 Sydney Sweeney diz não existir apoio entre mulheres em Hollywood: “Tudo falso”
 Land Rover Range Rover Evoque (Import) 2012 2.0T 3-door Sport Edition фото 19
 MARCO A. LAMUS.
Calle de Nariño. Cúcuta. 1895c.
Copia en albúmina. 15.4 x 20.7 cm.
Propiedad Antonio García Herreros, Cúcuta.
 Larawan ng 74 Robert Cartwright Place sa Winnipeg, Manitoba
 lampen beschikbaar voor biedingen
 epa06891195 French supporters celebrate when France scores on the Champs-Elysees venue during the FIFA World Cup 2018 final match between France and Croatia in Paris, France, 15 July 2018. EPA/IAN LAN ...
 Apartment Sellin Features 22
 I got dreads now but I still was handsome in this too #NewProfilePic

* * *

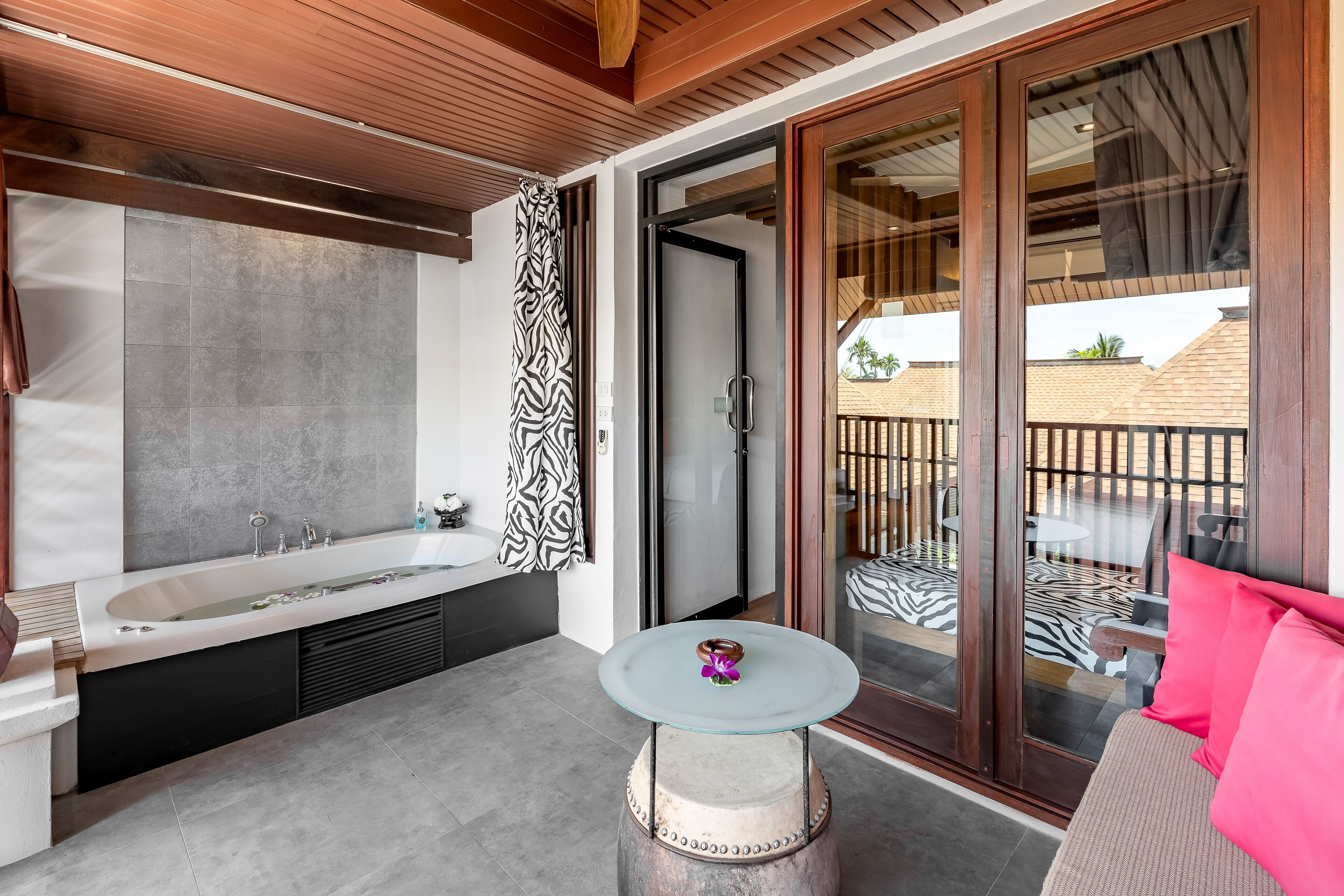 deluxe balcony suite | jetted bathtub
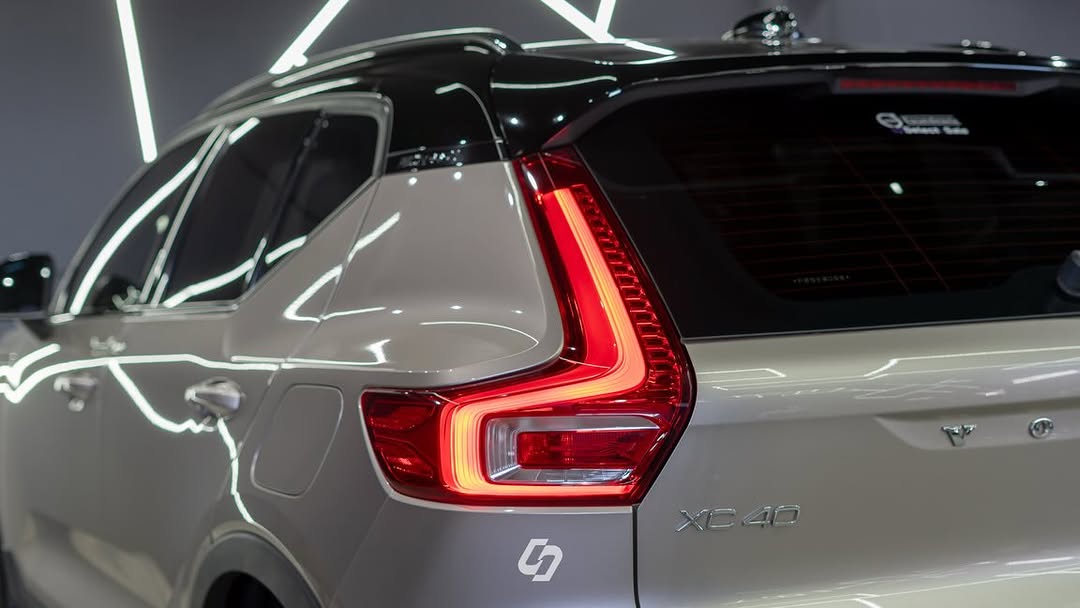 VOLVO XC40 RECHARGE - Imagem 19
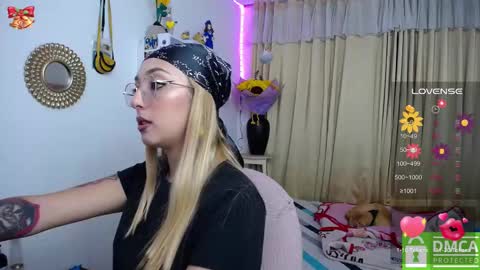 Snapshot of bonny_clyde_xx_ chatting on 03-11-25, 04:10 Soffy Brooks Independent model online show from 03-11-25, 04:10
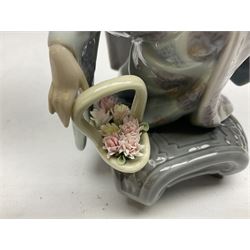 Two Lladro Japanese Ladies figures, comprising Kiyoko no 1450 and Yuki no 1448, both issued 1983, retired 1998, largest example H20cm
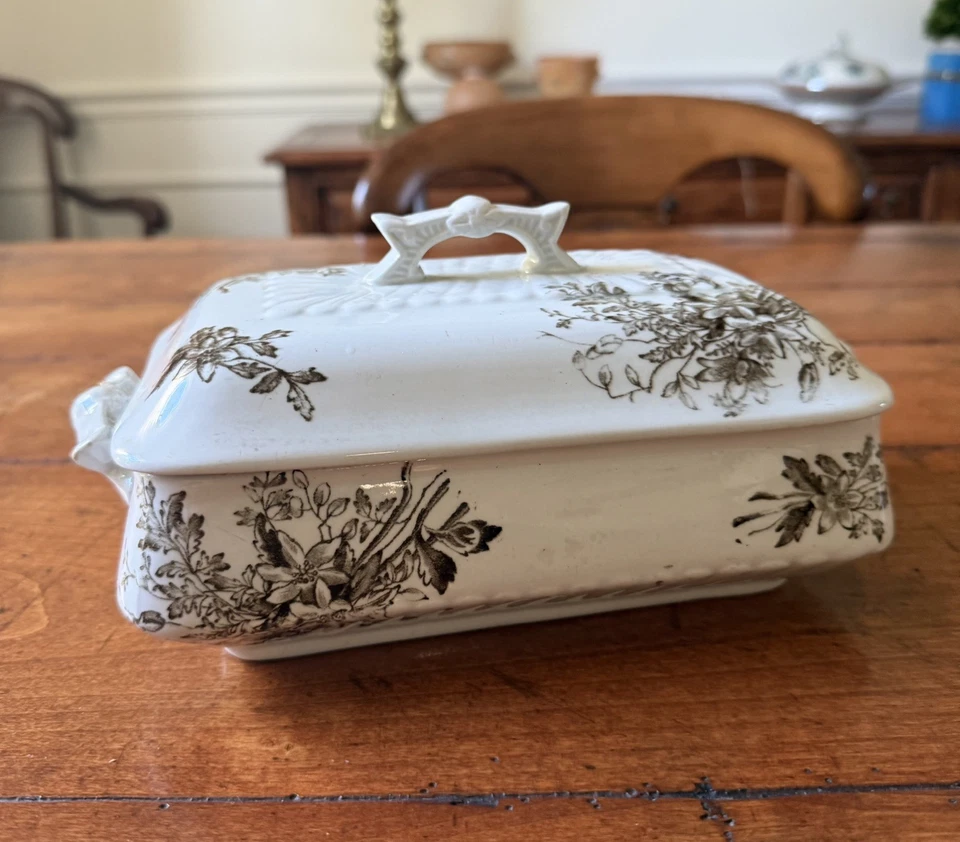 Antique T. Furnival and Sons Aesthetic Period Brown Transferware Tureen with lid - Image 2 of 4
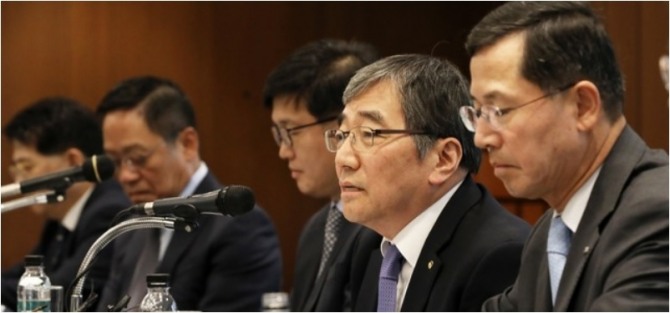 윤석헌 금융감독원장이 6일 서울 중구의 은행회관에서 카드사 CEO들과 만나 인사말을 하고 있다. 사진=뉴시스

* * *

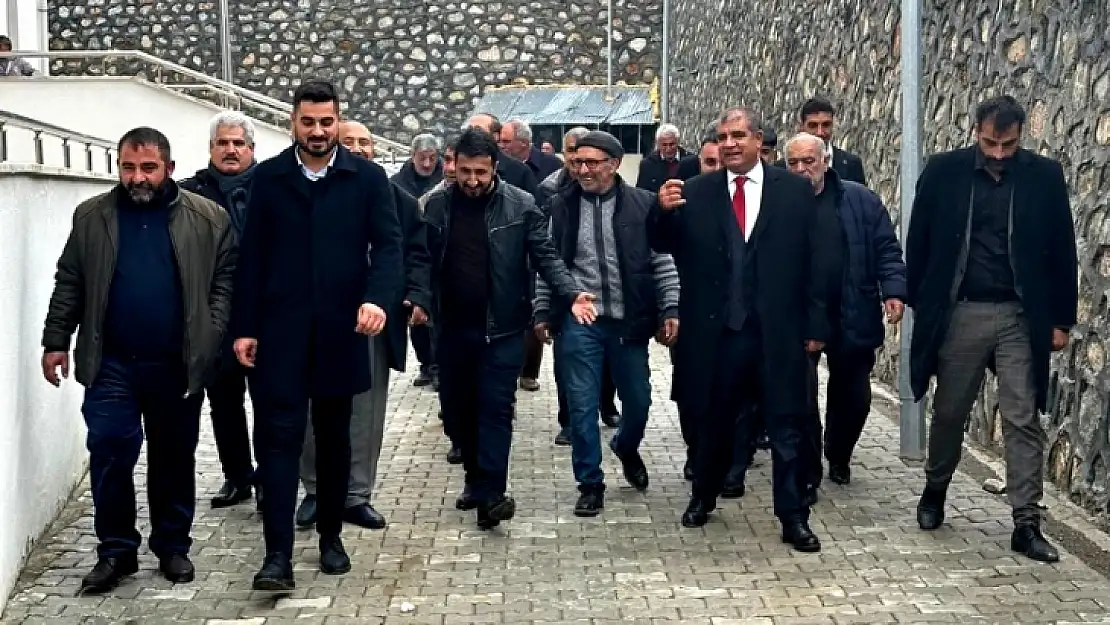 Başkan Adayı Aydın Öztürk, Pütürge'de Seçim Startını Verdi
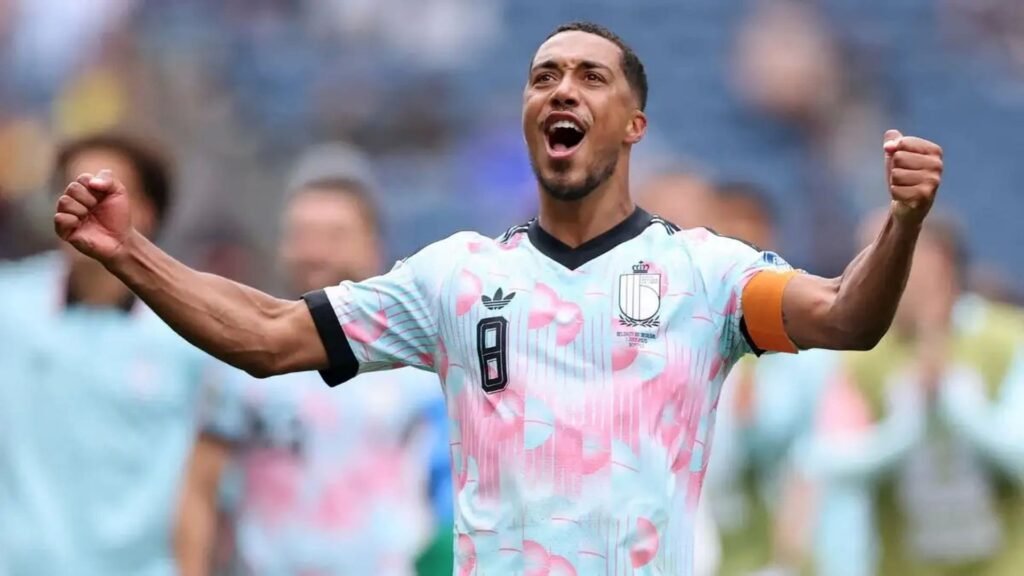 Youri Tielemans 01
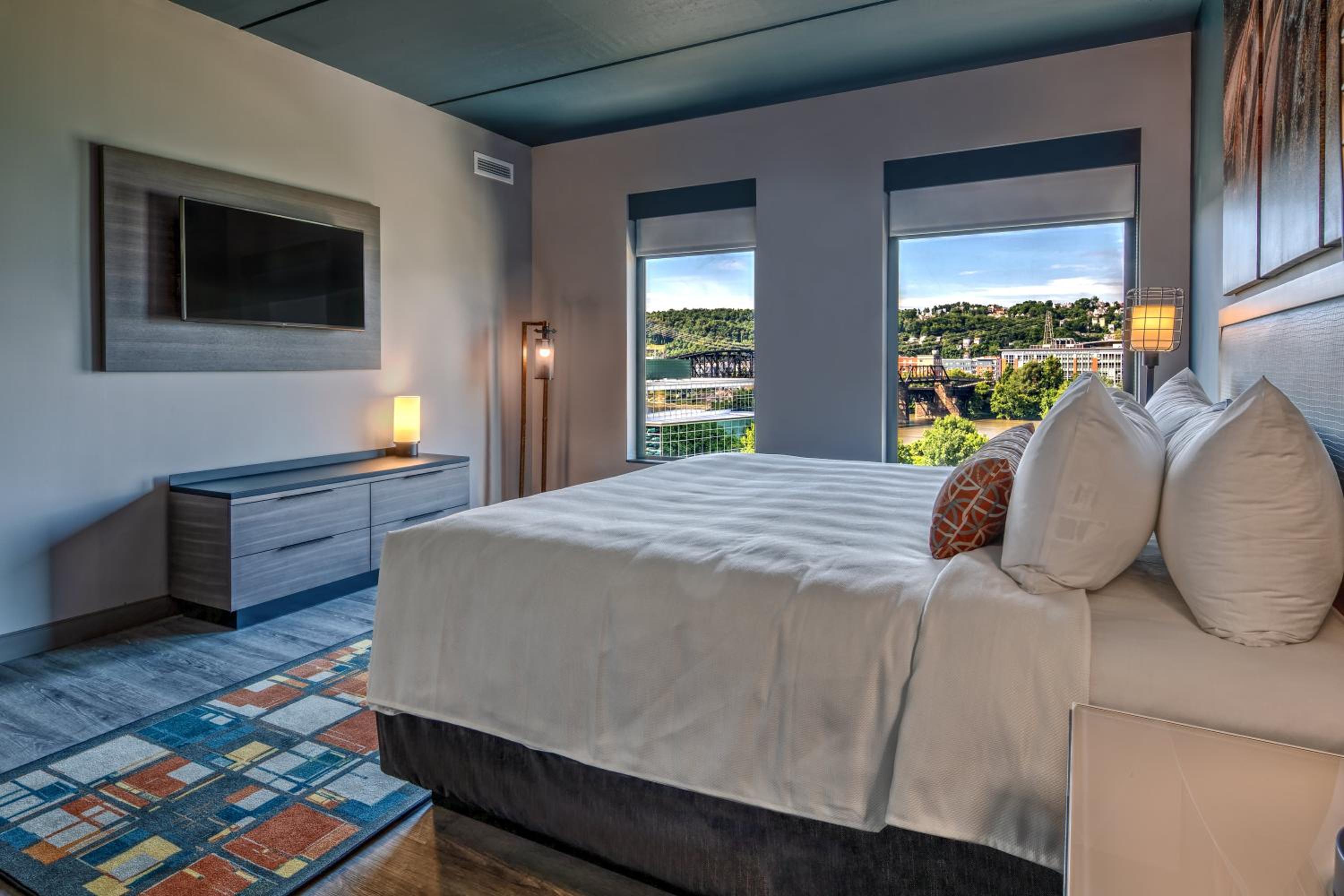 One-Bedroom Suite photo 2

What you are asked to do |
From the line containing "Sydney Sweeney diz" down to the line containing "epa06891195 French supporters" in the material above, reproduce every line exactly, including the two end lines.

Solution to this task |
 Sydney Sweeney diz não existir apoio entre mulheres em Hollywood: “Tudo falso”
 Land Rover Range Rover Evoque (Import) 2012 2.0T 3-door Sport Edition фото 19
 MARCO A. LAMUS.
Calle de Nariño. Cúcuta. 1895c.
Copia en albúmina. 15.4 x 20.7 cm.
Propiedad Antonio García Herreros, Cúcuta.
 Larawan ng 74 Robert Cartwright Place sa Winnipeg, Manitoba
 lampen beschikbaar voor biedingen
 epa06891195 French supporters celebrate when France scores on the Champs-Elysees venue during the FIFA World Cup 2018 final match between France and Croatia in Paris, France, 15 July 2018. EPA/IAN LAN ...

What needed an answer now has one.